We called it Sewering and the 4 of us loved it. We'd find hidden entrances to this cool, dark and quiet world below and disappear for hours. I remember a few big drains and many short ones. My aching back, ruined shoes, soaked clothes -- the things that didn't matter because we were doing something different and unknown to the people around us. We'd be out driving or biking around and come across a likely spot and more often than not we'd poke and explore.

It wasn't just the sewers that we'd explore. We had these places like George's garage, so many barns, ruins, old factories that we would pick our way through. I still have a handful of smoke stained paper that I took from a burned out husk of a factory up north. We were on a camping trip and decided that we had to explore. I think that was the May 24 camping trip to Beaver River... 11 years ago.

I know Ro kept up with the exploring after she moved to Toronto. I wouldn't be surprised if she's doing it still today. I stopped once I got married and depressingly serious. I'm not sure when the boys stopped, if they have. I think they have because there's been no mention of it. I've been tempted over the years to take it up again but I never wanted to go alone. Part of the fun was the exploration with my friends.

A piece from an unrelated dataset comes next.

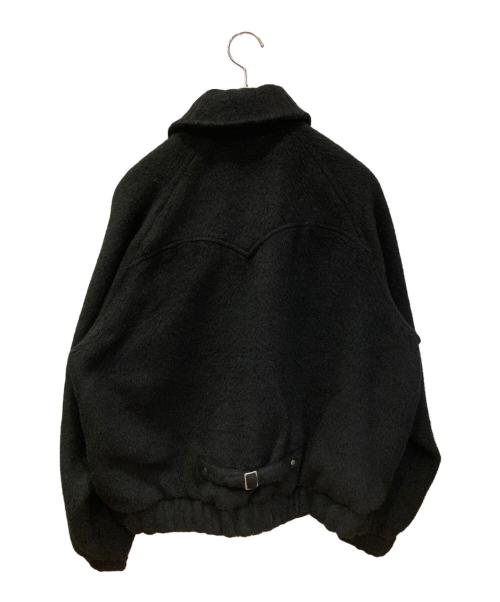 B.BALLSEY（ボールジーブラザーズ）B.BALLSEY (ボールジーブラザーズ) シャギーウエスタンショートジャケット ブラック サイズ:Lの古着・服飾アイテム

I'm not sure what got me looking at Infiltration.org yesterday. Several years ago I read it all and offered to do some write-ups about the KW drains (which I never did, because I'm a damn procrastinator, heh) -- but I forgot about it. Anyway, something reminded me of that ancient promise of mine and my former love of "UE"ing. I started reading the forums, hopping links and now here I am. Wanting to explore again.

Which is damn funny. I've been working on my damn back for months now and I want to go shimmy through drains. I remember how bad my immortal teenage back felt after a trip through a too-short drain, so I don't even have the excuse of forgetfulness. I just don't care. I want to grab the boys and my cameras and just go. I want to have adventures again, I think. I want to go see what a decade has done to "our" drains.

I'm old. I'm broken. I don't give a shit. Hah. I think I need to see if the boys agree with me.